COLLECTED MATERIAL.

Segment Open

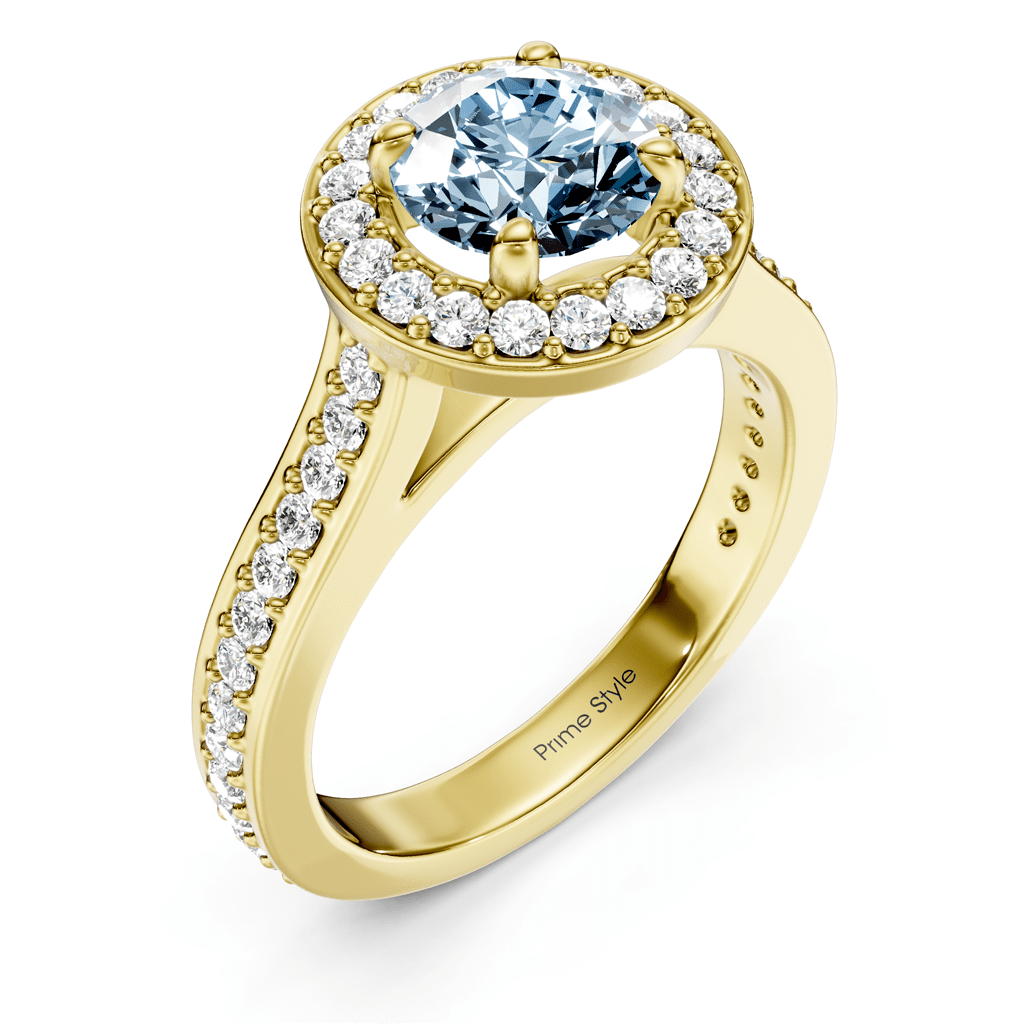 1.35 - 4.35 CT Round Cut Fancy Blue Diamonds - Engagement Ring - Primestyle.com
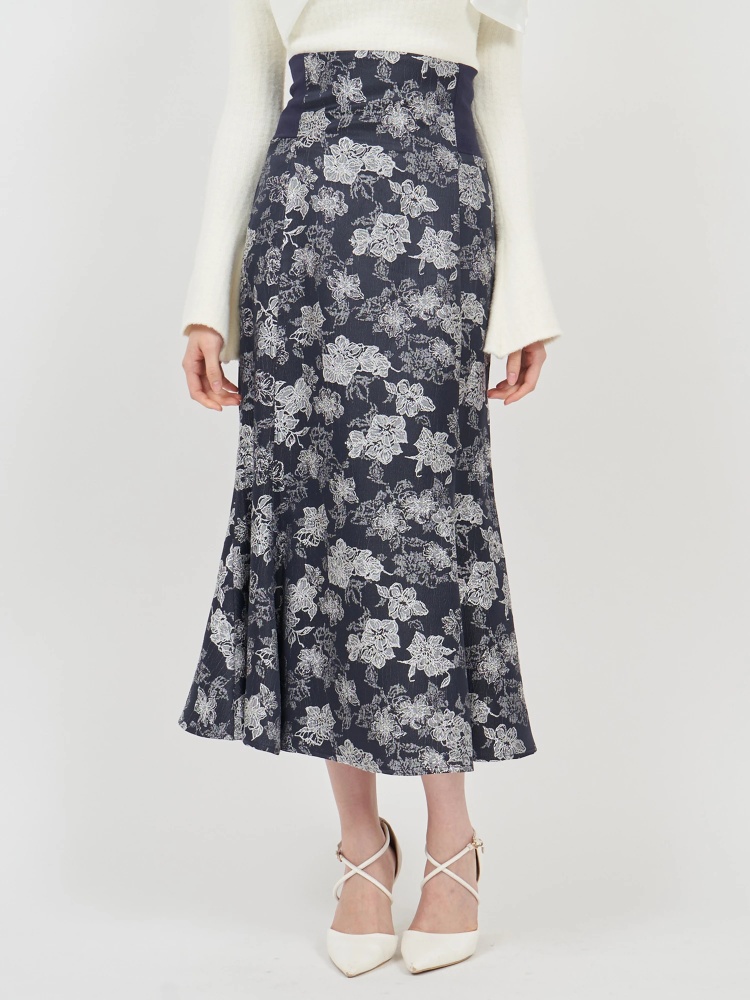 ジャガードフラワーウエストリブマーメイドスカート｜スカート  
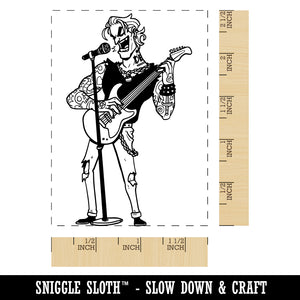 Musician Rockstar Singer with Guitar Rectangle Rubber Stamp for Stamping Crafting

Segment Closed

WORK TO BE COMPLETED. Return the data exactly. Pictures stay out.

EXERCISE RESULT.
 1.35 - 4.35 CT Round Cut Fancy Blue Diamonds - Engagement Ring - Primestyle.com
 ジャガードフラワーウエストリブマーメイドスカート｜スカート  
 Musician Rockstar Singer with Guitar Rectangle Rubber Stamp for Stamping Crafting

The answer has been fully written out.